When the move is extended over several days, each new low flushes out more of the weak holders who decide to throw in the towel and sell. As the market decline reaches fever pitch it becomes front page news, fueling the fear and inflaming the decline. This is about where we are at the moment. `
Now, at some point the world economic powers decide that this is one "free market" too many and that they will need to intervene. Doubters need only realize that, if they want to, the government can print enough money to buy all the stock being offered. In practice this will not be necessary, but it is possible.
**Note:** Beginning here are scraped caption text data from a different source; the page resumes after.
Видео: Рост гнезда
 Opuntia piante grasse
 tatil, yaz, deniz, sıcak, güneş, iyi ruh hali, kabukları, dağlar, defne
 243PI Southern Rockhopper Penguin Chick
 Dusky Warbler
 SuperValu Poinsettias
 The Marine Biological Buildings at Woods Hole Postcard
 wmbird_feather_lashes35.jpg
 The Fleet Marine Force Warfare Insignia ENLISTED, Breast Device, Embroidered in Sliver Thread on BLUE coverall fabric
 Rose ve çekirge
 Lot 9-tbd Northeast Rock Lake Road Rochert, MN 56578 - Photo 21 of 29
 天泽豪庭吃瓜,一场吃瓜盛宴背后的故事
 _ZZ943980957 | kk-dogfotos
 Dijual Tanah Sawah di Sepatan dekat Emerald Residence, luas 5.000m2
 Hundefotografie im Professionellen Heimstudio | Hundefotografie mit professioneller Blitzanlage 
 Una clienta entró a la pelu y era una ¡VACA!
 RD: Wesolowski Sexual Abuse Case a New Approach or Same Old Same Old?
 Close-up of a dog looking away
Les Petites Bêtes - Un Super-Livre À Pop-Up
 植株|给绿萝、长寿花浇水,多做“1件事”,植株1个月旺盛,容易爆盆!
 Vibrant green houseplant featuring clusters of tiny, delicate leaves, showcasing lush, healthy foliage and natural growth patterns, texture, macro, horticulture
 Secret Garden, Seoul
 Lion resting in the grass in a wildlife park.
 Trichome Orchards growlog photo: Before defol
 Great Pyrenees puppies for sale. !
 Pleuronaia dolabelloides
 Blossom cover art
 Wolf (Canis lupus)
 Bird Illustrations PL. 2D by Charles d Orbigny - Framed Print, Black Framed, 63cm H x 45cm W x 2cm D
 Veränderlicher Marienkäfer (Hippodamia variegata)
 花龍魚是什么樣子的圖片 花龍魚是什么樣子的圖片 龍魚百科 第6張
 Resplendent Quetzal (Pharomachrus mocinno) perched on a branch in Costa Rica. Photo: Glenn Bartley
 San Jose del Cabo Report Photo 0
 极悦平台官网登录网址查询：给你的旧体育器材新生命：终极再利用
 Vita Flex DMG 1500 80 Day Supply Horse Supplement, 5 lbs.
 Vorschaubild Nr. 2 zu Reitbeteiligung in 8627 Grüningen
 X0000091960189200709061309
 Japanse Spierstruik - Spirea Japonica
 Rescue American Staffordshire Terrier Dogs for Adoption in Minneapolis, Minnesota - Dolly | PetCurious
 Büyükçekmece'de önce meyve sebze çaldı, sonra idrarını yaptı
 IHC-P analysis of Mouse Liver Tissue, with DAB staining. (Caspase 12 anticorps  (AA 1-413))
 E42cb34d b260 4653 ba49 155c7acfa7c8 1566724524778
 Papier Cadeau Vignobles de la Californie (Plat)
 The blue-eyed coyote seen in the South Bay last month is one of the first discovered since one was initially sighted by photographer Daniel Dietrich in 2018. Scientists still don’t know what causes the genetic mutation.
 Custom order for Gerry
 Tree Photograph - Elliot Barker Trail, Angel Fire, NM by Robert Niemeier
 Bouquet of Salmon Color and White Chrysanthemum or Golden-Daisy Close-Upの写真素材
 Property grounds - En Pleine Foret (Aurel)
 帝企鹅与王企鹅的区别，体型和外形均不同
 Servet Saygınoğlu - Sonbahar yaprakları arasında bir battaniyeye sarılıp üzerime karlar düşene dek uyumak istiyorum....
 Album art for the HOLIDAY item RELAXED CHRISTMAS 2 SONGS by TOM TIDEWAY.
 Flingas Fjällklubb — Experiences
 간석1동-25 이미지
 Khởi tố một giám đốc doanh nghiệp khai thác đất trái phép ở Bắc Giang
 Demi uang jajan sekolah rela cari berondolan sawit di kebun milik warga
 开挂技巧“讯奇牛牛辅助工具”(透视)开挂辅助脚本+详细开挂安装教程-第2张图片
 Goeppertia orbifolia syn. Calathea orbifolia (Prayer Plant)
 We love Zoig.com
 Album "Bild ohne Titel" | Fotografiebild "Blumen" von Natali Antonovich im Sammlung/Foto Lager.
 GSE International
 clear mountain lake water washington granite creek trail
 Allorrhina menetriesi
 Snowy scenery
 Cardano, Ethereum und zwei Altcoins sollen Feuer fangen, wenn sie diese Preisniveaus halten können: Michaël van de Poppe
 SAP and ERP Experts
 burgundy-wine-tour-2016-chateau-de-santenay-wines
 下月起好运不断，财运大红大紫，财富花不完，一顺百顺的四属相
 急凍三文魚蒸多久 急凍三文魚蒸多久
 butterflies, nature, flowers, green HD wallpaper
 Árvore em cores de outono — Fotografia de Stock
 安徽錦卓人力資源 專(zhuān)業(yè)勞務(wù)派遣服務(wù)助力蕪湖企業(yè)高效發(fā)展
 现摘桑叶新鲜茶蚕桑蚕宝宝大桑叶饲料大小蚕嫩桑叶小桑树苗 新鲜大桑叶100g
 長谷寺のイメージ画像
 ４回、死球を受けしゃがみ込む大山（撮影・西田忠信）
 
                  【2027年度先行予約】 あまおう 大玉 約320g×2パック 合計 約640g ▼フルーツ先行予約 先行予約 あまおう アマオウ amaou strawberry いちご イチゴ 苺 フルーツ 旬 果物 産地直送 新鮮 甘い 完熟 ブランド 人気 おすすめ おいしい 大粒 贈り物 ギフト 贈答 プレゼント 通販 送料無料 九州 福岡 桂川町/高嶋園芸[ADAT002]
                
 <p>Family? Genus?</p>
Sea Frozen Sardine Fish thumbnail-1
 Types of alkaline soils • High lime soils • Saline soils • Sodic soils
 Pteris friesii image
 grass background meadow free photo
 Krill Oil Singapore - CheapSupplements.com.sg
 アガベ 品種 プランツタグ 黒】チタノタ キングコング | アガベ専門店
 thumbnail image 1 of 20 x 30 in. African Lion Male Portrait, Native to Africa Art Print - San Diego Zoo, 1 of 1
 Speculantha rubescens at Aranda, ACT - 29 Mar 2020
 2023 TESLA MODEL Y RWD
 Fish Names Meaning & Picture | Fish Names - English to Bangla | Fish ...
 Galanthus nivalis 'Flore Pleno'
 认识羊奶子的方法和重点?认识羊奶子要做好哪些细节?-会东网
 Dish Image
Further, we should realize that the people in the government making these decisions are aware of the various methods for determining where a market is in its buy-sell cycle. In extreme conditions like we are experiencing they should know that all the indicators will deviate from the prior normal ranges and make new extremes. They should also be able to sense when the markets selling pressure is exhausting itself. Then when the rubber band is stretched out as far as it will go, they will act. This is exactly what happened in the days following 911.
If there is some sort of buy side ignition, we must remember that the "overhead supply" has been significantly reduced. When the market starts to rally the bargain hunters will jump in along with the shorts covering.
Remember, it was only 900 mostly banking stocks which had short restrictions. Further, there will be a massive unwinding of short side ETF's which will be translated into a market which has no available supply. Prices will skyrocket and unlike previous one day wonders, I believe the rally to come may go straight up with no significant corrections for the first few days. It's not a prediction,. but something to watch out for.